■ **About this exercise**: From the material below, return exactly the lines starting at the one that holds "Modern indoor parking" and ending at the one that holds "mixing onions, peppers, and". Pictures stay out of the answer.

== Data supplied

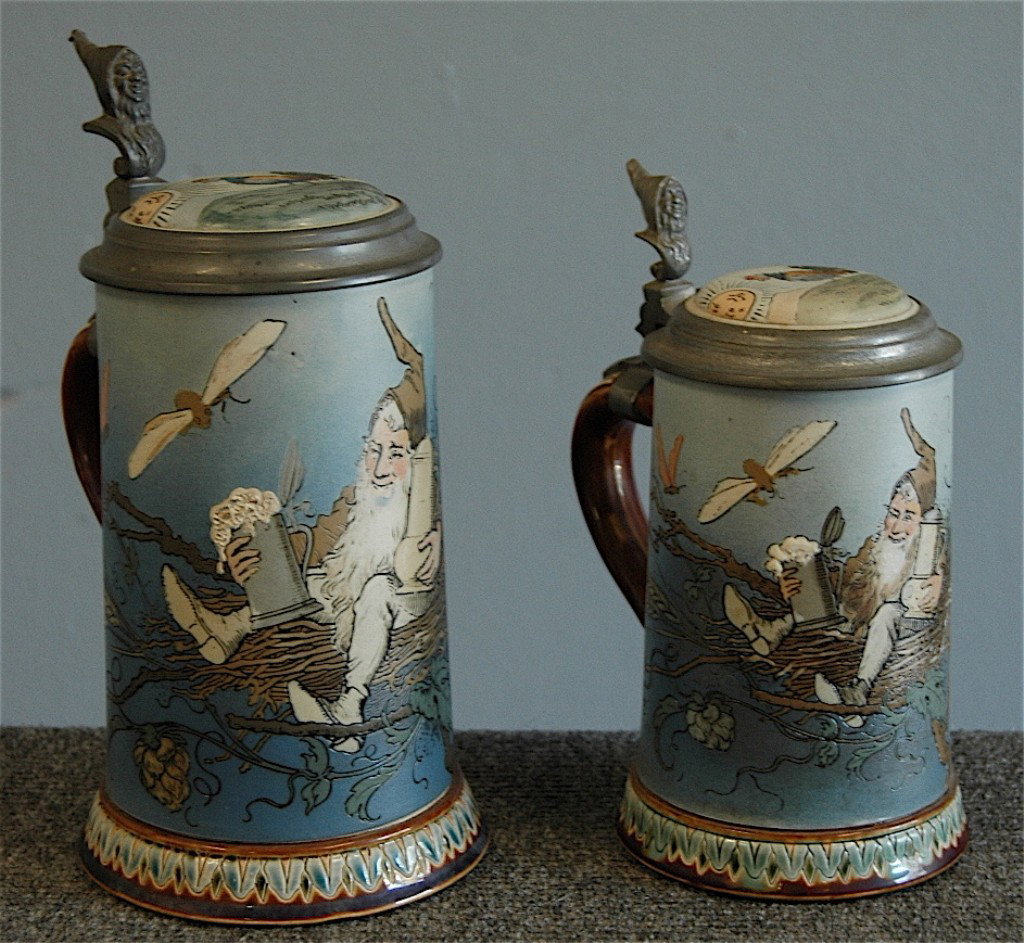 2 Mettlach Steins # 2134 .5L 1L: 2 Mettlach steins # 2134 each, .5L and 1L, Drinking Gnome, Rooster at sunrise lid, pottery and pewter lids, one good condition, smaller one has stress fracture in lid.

====
== Data supplied

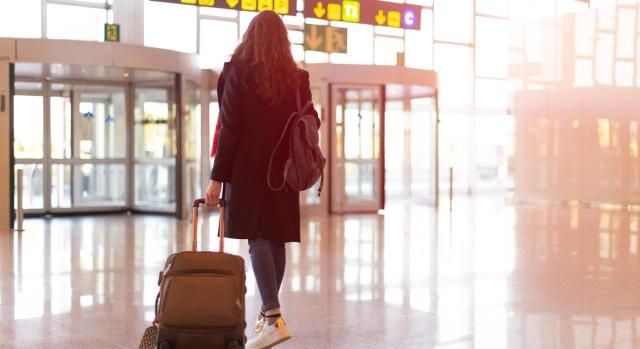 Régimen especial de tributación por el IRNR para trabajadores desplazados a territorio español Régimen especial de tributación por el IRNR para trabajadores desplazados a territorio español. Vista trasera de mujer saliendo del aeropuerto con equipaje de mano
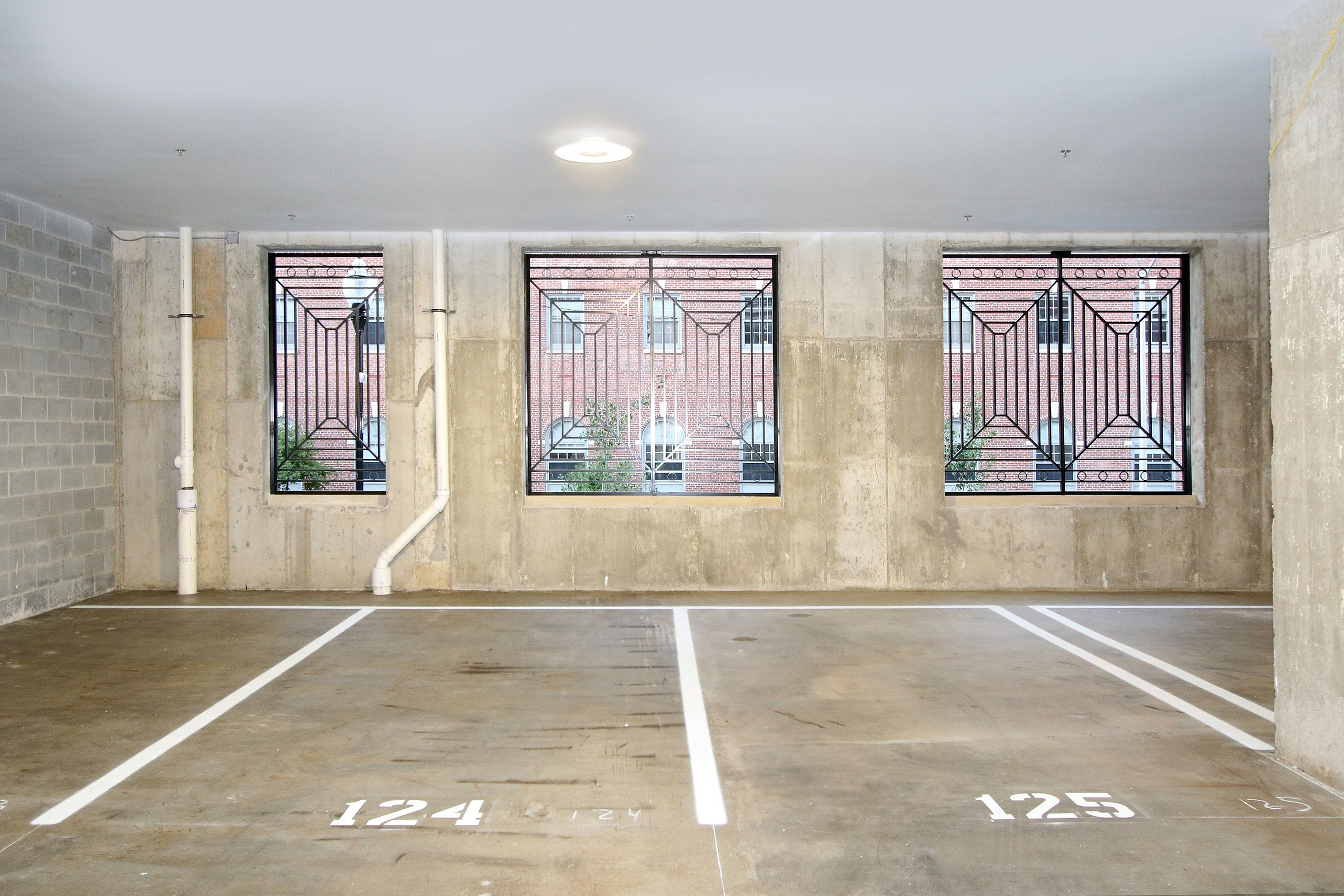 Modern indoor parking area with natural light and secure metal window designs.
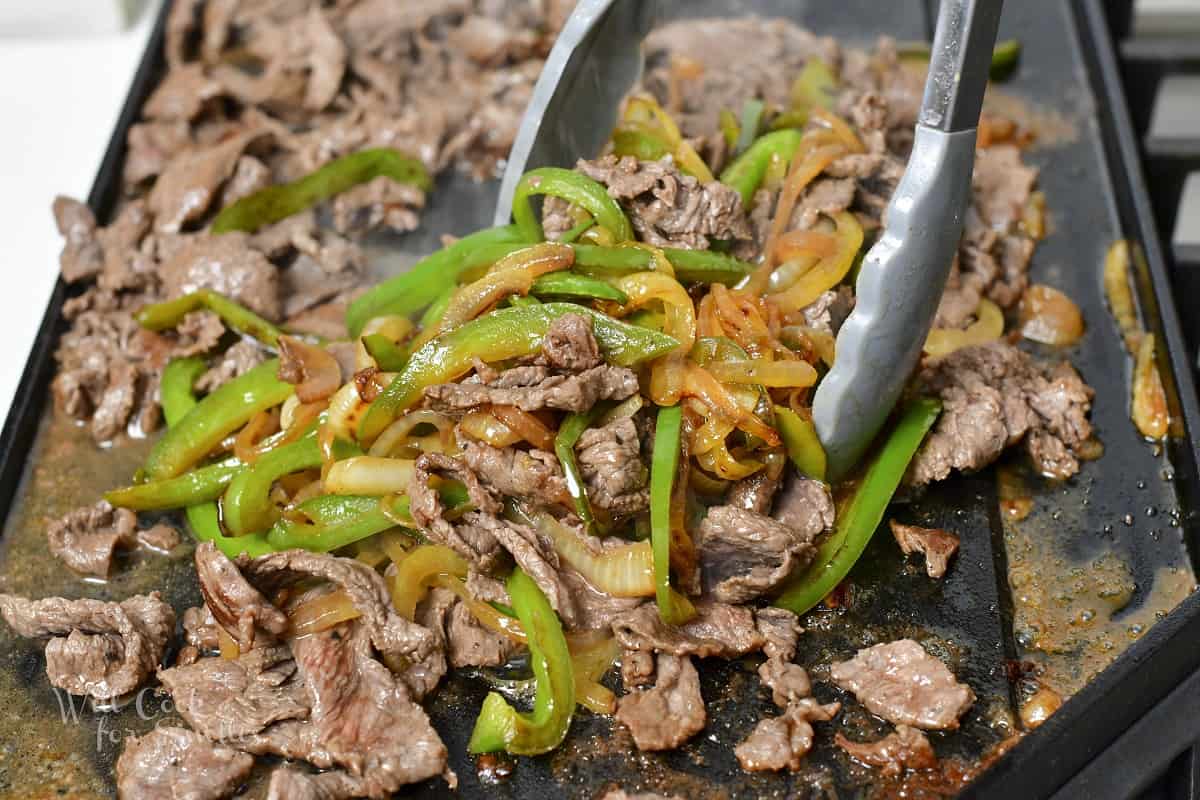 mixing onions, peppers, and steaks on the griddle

====

■ **Exercise response**:
 Modern indoor parking area with natural light and secure metal window designs.
 mixing onions, peppers, and steaks on the griddle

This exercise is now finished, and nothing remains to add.